CVPR is one of the most influential computer vision conferences. During its 4-day main conference (July 22nd – July 25th), it covered the following main topics:

Machine Learning
Object Recognition & Scene Understanding – Computer Vision & Language
3D Vision
Human Analyzing
Low- & Mid- Level Vision
Image Motion & Tracking: Video Analysis
Computational Photography
Applications

The first four topics accounted for more than 80% of the accepted papers. We will first introduce these four topics.

Machine Learning

In the Machine Learning Session, most long and short presentations were focused on breaking through the performance limits in existing models, while a few excellent papers did deep dives into understanding the mechanism of Neural Network:

Densely Connected Convolutional Networks. This is one of the recipients for the best paper awards. This work introduces DenseNet, a novel network that maintains a denser network architecture as the network goes deeper. Its advantages over vanilla CNN include: keeping a stronger gradient flow, substantially enhanced computational efficiency, etc. “They partially answered the question on how NN works, and they conducted their research by exploring the unknowns rather than only tweaking the NN architecture,” a researcher commented.
Global Optimality in Neural Network Training. This paper shows that global optimal could be reached, as long as both the network output and the regularization to be positively homogeneous functions of the network parameters. In short, a ReLU function can be seen as homogeneous because of max(0, ax) = a * max(0, x), whereas softmax cannot. What’s more, it extends the theory to multiple AlexNet connected in parallel. This interesting paper can be used as a guide to design and train Neural Network models.

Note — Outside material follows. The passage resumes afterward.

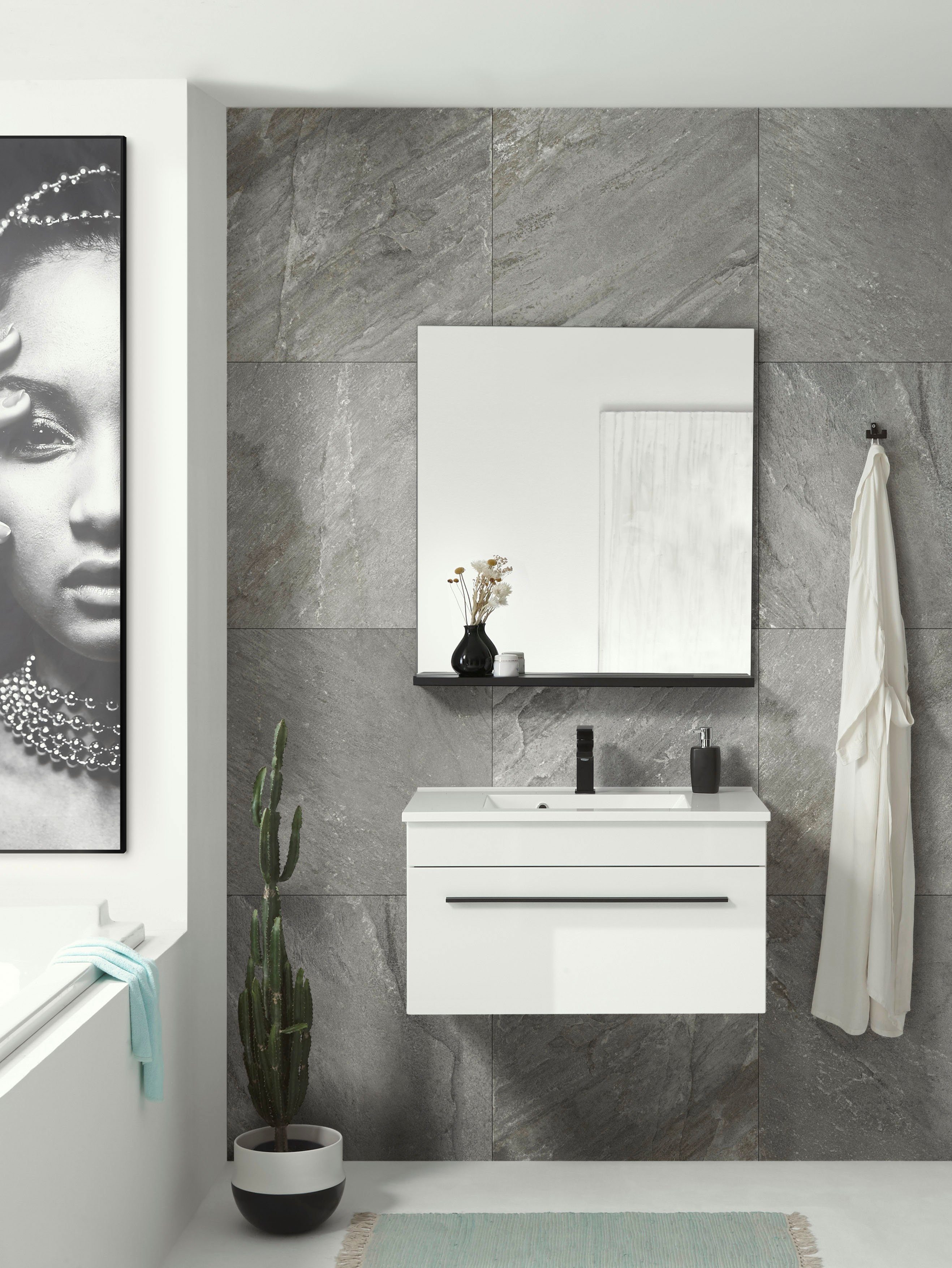 INOSIGN Badkamerserie Cantara, badkamer in modern ontwerp, 2-delig badkamer (set, 2-delig)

A noteworthy work was presented:

Unsupervised Pixel-Level Domain Adaptation With Generative Adversarial Networks. This work, Super Resolution Generative Adversarial Network, proposes that perceptual loss replaces mean squared error. Applied to GAN, perceptual loss consists of content loss and adversarial loss, Thus, this loss function leads GAN to represent high-level contents rather than pixel-level. Furthermore, a new metric for measuring perceptual loss is proposed.

As Machine Learning, especially its sub-domain of Deep Learning, becomes incredibly effective in dealing with computer vision problems, it is no surprise why ML/DL has become the mainstream this year (since 2012 AlexNet shocks the world, ML/DL has left no room for traditional computer vision methods). “Machine Learning dominates computer vision! It’s exciting and there will be more opportunities!” one of the interviewees showed his wild enthusiasm during coffee break. However, some were worried “Very few researchers pay attention to pushing ML/DL theories forward, this is not good,” because DL works as a tool. Regardless whether you accept this trend or not, ML and DL are dominating everywhere.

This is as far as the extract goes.